Une équipe de chercheurs chinois et américains a mis au point une méthode d’apprentissage par renforcement permettant à un robot humanoïde de réaliser des postures d’équilibre extrême sur une jambe, en s’adaptant aux incertitudes du monde réel.


Différentes tâches d’équilibre extrême du “Swallow Balance” au “Bruce Lee’s Kick” • Tong Zhang et al.

Reproduire la stabilité posturale humaine constitue un défi important pour les robots humanoïdes. Le maintien en équilibre dans des positions asymétriques, comme une posture martiale sur une jambe ou un grand écart suspendu, exige un contrôle précis du centre de masse, une coordination de l’ensemble du corps et une grande tolérance aux perturbations. Dans une étude publiée en mai, des chercheurs de Tsinghua, Berkeley et de l’UC San Diego présentent HuB, une architecture unifiée qui permet à un humanoïde de réussir de telles tâches malgré les imprécisions des capteurs ou les aléas du transfert simulation-réalité.

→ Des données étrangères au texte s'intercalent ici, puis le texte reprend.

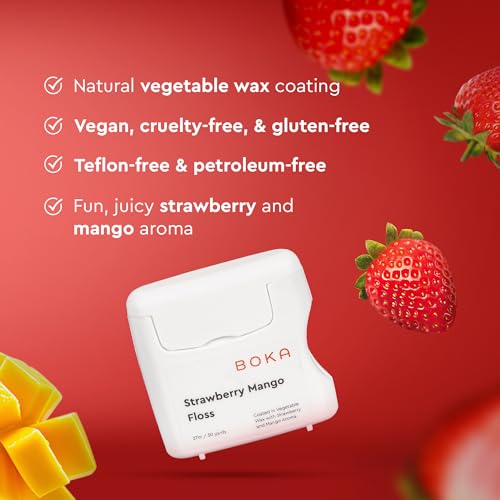 Boka Strawberry Mango Expandable Woven Dental Floss, Made from Natural Vegetable Wax, Teflon-Free, 30 Yards of Waxed Floss (Pack of 1) - Image 2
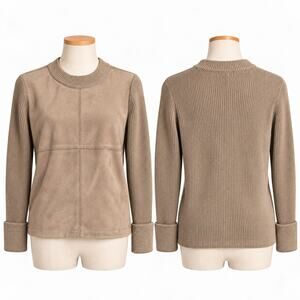Ann Taylor Mixed Media Faux Suede Ribbed Sweater Women's XS NWT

Le système a été validé sur le robot humanoïde Unitree G1 à travers six tâches statiques complexes, dont le « Swallow Balance », inspiré d’une figure de gymnastique, ou le « Bruce Lee’s Kick », une extension de jambe à hauteur du torse en équilibre sur un pied. Dans tous les cas, HuB atteint des taux de réussite de 97 % à 100 % en simulation, contre 0 % à 4 % pour les méthodes de référence précédentes. L’architecture repose sur trois modules conçus pour traiter respectivement les erreurs de mouvement de référence, les difficultés d’apprentissage du contrôle et le transfert vers la robotique réelle.

Un pipeline centré sur la stabilité

Le fonctionnement de HuB • Tong Zhang et al.

L’approche repose sur l’apprentissage par renforcement profond avec suivi de trajectoire, mais en intégrant plusieurs aménagements spécifiques au contrôle de l’équilibre. Le premier module améliore la qualité des mouvements de référence extraits de vidéos humaines. Pour limiter les effets des artefacts, les chercheurs ont conçu un processus de « retargeting » s’appuyant sur une stabilisation de la position du pied porteur et un filtrage du centre de masse, le modèle corporel SMPL. Ces ajustements réduisent significativement les pertes d’optimisation, en particulier dans les poses extrêmes comme le squat profond.

Le deuxième module introduit un assouplissement du suivi strict, permettant au robot de s’éloigner légèrement des trajectoires humaines pour gagner en stabilité. Cette marge est encadrée par des fonctions de récompense orientées vers l’équilibre : pénalisation des contacts indésirables au sol, incitation à maintenir le centre de masse au-dessus du pied support, et limitation de la proximité entre les pieds pour éviter les collisions.

Robustesse face aux perturbations physiques

Le troisième module vise à améliorer la robustesse en conditions réelles. Le robot est entraîné avec des perturbations réalistes, dont du bruit sensoriel calqué sur les erreurs d’une centrale inertielle typique (modélisé par un bruit d’Ornstein-Uhlenbeck), ainsi que des impulsions répétées sur la base du robot pour simuler des pertes d’équilibre progressives. Contrairement aux approches précédentes qui utilisaient des perturbations rares et intenses, HuB privilégie des impulsions faibles mais fréquentes, mieux adaptées aux dynamiques fines des tâches d’équilibre sur une jambe.

Le transfert en conditions réelles est effectué sur cinq figures. Dans tous les cas sauf un, HuB réussit systématiquement là où le modèle de référence OmniH2O échoue, en chutant ou en produisant des mouvements instables. Lors du test du coup de pied « Bruce Lee’s Kick », le robot parvient à reproduire dix fois de suite la posture sans intervention ni recalibrage. Il récupère également rapidement après avoir été frappé par un ballon lancé violemment sur lui en pleine exécution.

Mesures et analyse comparative

Les performances ont été évaluées selon plusieurs indicateurs : taux de réussite, erreurs de contact, glissement au sol, variation d’action d’une frame à l’autre, et précision du suivi des points clés corporels (position, vitesse, accélération). En simulation comme dans le monde réel, HuB présente des résultats supérieurs sur tous les critères. L’ablation des modules, un par un, montre leurs contributions complémentaires : sans perturbations d’entraînement, la stabilité chute ; sans tolérance de suivi, la trajectoire est plus précise mais la stabilité est perdue ; sans pénalisation des contacts indésirables, le taux de succès s’effondre.

Limites et perspectives

Le système est conçu spécifiquement pour des tâches de type équilibre quasi-statique, avec des hypothèses fortes sur les phases de contact. Il est moins adapté à des comportements dynamiques comme la course ou le saut, qui exigeraient des architectures différentes. De plus, le système reste dépendant de mouvements de référence humains ; il ne généralise pas spontanément à des mouvements inédits sans nouvelle phase d’apprentissage. Les auteurs identifient comme objectif futur la conception de politiques plus générales capables de s’adapter à une plus grande diversité de gestes sans réentraînement.